I would suggest that now IS NOT THE TIME to close a blind eye as to how the fixed income market is performing. Traditional return-focused fixed income products are going to get hammered if the Fed isn’t successful in migrating through this inflationary environment. Use bonds for their cash flows and carefully (skillfully) match those asset cash flows with the plan’s liability cash flows to secure the promised benefits. There are many benefits from restructuring the fixed income allocation including improving the plan’s liquidity profile, removing interest rate risk from that portion of the pension plan, while also extending the investing horizon (buy time) for the plan’s other assets to now grow unencumbered. Many in our industry haven’t had to manage through a rising interest rate environment that lasted more than a few quarters. It is a new day! Are you prepared?

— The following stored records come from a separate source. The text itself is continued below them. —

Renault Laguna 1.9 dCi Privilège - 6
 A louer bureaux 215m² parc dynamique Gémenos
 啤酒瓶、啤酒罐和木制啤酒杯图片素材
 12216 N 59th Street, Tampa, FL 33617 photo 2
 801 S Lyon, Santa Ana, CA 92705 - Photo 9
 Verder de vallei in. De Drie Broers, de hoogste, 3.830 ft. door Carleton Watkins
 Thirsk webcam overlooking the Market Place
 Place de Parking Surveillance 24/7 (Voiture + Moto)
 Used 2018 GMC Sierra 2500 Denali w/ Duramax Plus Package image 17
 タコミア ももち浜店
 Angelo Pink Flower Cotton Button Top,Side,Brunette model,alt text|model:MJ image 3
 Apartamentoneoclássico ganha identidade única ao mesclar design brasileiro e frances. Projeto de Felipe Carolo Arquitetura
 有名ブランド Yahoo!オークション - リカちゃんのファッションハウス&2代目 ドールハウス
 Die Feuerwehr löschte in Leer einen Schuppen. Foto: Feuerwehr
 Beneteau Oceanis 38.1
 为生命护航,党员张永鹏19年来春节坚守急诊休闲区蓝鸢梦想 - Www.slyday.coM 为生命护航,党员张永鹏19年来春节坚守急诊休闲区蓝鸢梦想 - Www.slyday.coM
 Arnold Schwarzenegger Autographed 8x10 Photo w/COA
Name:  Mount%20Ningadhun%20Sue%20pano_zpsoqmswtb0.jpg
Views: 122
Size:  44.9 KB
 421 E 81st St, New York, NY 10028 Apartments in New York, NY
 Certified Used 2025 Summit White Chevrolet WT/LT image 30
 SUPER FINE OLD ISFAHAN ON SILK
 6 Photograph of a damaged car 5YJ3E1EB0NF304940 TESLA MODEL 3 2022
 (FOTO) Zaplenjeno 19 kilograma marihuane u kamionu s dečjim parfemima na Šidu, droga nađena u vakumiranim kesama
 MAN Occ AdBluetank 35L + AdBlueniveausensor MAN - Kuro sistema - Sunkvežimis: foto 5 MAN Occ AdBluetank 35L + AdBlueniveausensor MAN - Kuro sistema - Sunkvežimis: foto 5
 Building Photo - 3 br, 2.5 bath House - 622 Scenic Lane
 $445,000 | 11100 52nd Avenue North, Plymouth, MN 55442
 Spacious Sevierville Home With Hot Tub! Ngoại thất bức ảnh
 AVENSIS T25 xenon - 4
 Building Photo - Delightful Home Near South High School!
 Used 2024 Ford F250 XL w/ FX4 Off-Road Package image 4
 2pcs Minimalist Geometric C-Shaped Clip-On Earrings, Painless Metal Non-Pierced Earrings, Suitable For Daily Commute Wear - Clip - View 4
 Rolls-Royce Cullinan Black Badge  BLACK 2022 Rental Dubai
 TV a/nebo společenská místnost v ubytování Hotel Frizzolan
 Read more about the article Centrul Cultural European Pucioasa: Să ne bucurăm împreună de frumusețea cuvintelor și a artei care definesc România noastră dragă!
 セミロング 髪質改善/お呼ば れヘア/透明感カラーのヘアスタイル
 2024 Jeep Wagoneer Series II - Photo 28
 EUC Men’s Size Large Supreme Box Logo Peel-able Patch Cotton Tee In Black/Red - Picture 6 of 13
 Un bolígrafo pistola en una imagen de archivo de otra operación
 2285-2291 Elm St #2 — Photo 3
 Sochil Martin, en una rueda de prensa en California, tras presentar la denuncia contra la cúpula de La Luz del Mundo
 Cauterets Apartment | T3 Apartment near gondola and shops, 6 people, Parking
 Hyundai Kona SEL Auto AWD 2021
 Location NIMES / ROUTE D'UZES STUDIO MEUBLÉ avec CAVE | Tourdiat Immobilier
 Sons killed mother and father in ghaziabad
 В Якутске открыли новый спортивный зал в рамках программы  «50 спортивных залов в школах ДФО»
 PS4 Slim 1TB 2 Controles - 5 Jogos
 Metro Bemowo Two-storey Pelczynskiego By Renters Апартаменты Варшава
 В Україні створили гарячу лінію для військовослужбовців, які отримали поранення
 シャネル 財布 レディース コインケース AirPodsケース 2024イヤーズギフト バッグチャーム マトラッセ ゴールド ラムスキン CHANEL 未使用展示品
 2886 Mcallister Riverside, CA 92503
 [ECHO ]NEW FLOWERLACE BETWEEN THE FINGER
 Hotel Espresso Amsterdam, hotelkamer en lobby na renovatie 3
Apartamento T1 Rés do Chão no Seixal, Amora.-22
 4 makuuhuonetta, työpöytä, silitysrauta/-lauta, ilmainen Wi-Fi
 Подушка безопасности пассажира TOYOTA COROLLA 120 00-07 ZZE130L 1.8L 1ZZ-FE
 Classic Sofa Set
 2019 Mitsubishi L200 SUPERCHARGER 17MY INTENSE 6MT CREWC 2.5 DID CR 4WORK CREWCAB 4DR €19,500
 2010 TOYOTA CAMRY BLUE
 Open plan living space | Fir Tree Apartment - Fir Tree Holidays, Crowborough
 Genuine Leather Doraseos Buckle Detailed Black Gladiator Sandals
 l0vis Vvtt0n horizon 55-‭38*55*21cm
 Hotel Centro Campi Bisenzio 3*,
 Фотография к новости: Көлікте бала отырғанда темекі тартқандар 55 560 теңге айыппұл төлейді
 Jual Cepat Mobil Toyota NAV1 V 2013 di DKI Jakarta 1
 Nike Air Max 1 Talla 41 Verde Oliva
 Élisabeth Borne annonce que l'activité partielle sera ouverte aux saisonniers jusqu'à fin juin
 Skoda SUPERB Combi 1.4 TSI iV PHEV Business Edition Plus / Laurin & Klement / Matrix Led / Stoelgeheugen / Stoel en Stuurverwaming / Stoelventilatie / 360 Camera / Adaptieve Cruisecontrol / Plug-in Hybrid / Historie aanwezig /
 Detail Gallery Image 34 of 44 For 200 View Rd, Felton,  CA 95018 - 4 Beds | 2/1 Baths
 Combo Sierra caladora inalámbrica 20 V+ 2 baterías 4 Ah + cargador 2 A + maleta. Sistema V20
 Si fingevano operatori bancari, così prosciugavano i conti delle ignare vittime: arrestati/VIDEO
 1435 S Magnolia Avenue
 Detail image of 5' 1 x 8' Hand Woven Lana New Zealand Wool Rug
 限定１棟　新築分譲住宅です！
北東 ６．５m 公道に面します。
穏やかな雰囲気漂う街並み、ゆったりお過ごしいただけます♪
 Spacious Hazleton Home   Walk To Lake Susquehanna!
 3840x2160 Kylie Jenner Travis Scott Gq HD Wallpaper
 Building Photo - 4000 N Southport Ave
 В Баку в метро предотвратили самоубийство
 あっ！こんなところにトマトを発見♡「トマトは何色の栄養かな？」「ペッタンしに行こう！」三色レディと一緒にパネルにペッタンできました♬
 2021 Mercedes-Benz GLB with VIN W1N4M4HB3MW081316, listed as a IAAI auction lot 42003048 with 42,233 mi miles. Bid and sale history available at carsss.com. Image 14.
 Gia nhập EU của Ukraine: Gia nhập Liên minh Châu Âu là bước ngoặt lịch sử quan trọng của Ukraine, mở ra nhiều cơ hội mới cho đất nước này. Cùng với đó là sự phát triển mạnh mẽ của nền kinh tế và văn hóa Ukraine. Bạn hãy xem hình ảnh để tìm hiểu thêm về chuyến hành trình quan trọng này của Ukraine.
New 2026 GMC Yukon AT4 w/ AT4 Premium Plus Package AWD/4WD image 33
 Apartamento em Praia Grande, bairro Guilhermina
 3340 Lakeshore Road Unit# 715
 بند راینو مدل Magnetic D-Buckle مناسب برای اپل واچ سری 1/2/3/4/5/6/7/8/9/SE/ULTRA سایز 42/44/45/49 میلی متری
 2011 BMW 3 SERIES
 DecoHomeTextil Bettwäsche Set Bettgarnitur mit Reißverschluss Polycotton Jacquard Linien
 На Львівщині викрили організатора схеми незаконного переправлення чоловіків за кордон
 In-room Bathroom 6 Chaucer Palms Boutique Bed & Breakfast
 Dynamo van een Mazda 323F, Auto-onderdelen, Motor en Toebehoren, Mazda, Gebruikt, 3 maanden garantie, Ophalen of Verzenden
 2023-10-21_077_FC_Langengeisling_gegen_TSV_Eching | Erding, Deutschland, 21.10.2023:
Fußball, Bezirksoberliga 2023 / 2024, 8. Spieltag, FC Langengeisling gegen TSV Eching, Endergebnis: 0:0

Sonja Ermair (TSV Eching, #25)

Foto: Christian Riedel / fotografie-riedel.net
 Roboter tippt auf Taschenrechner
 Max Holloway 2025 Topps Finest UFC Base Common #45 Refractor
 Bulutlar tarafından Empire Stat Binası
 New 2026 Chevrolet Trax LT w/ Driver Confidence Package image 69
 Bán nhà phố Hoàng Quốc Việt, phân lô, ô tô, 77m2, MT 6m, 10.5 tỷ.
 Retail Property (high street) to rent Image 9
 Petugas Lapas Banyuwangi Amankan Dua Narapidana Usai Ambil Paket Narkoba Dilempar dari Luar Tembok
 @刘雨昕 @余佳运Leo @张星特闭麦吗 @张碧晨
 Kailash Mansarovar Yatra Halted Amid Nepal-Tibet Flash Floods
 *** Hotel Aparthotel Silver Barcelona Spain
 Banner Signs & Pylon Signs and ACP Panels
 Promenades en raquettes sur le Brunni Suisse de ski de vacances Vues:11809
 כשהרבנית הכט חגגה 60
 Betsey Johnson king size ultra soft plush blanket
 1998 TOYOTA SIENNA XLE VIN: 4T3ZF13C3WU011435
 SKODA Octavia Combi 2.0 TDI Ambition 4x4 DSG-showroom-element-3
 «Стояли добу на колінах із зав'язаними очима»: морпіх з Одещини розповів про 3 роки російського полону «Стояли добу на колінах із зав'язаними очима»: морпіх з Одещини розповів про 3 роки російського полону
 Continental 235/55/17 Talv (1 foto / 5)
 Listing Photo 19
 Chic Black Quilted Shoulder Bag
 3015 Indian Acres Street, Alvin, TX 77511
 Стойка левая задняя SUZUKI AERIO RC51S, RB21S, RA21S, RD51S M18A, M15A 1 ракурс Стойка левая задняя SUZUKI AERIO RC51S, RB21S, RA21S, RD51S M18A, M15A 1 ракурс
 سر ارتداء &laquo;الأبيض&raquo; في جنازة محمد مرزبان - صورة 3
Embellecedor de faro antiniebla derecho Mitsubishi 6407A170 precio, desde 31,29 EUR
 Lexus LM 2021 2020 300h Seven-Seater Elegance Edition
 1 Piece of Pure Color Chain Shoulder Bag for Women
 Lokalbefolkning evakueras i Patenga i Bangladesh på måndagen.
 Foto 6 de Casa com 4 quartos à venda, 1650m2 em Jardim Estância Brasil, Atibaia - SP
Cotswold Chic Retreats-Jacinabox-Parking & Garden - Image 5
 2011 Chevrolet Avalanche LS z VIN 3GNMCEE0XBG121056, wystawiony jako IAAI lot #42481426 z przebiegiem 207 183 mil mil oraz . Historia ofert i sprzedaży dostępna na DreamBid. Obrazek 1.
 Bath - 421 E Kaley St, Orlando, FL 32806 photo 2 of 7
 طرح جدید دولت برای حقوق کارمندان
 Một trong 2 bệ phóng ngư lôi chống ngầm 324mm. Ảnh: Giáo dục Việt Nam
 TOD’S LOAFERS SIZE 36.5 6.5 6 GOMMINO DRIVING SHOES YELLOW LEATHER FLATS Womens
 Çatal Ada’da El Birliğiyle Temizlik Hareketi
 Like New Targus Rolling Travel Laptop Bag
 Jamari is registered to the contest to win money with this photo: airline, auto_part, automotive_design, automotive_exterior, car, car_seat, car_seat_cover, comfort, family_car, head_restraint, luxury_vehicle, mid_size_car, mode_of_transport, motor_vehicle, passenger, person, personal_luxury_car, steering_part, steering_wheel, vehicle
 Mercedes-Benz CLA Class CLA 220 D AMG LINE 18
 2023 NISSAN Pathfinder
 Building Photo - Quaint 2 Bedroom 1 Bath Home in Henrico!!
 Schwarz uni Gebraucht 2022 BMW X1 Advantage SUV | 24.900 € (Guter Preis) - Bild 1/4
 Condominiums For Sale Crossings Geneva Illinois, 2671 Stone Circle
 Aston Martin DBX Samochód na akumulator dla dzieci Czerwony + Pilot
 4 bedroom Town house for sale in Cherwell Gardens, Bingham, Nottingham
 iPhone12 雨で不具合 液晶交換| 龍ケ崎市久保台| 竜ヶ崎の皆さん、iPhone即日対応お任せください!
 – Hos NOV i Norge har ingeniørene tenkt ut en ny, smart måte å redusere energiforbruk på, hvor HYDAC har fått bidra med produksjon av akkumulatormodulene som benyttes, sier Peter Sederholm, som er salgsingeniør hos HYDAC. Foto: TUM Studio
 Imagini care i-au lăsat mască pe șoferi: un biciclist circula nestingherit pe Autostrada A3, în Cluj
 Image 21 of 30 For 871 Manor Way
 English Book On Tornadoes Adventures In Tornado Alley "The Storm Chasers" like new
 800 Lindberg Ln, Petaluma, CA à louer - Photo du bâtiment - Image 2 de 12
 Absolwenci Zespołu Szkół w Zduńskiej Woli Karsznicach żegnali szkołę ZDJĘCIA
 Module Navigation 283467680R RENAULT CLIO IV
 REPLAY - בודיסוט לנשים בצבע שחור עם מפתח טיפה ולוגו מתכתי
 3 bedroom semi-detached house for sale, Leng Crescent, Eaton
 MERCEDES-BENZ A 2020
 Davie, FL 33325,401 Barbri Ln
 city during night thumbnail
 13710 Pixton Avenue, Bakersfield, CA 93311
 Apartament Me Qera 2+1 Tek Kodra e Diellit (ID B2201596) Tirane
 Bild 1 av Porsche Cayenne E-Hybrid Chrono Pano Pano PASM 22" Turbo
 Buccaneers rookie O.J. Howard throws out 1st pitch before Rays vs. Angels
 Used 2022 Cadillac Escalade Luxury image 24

ARPA update as of March 25th

Here’s the latest from the PBGC through March 25th. Last week witnessed zero new applications, zero new approvals, zero disbursements of the SFA, and zero applications withdrawn. So much for progress! But who can blame the PBGC, as March Madness has clearly gripped everyone? Perhaps the folks at the PBGC are a bunch of St. Peter’s alum?

So, we remain at seven approved applications with five having received their SFA ($1.1 B). Total applications still in review remain at 26, with U.T.W.A. – N.J. Union – Employer Pension Plan having been the last application submitted on March 16th. As a reminder, the big boys, those plans with >350,000 participants, are eligible to begin filing under Priority Group 3 status beginning April 1st.

There have been only four of the 18 MPRA suspension plans filing an application for the SFA. Priority Group 2 candidates became eligible on December 31, 2021. Are they waiting for the “Final, Final Rules” from the PBGC, or are there other extenuating circumstances that have created this delay? Only time will tell, but I can only imagine the angst that this further delay is giving to participants in those plans. Stay tuned!

This Doesn’t Make Sense – Now What?

By: Russ Kamp, Managing Director, Ryan ALM, Inc.

Earlier today I published a post titled, “This Doesn’t Make Sense”, in which I questioned the current market action for US equities (especially large-cap growth stocks) given the great uncertainty associated with the Russian invasion of Ukraine, rising interest rates, decades high inflation, oil prices exceeding $113/barrel, supply chain issues that continue to cause delays, and equity valuations that remain stretched. Several regular readers of this blog provided positive feedback on the post (thank you), but many others asked the question: “Now what?” It is a great question that deserves an appropriate response.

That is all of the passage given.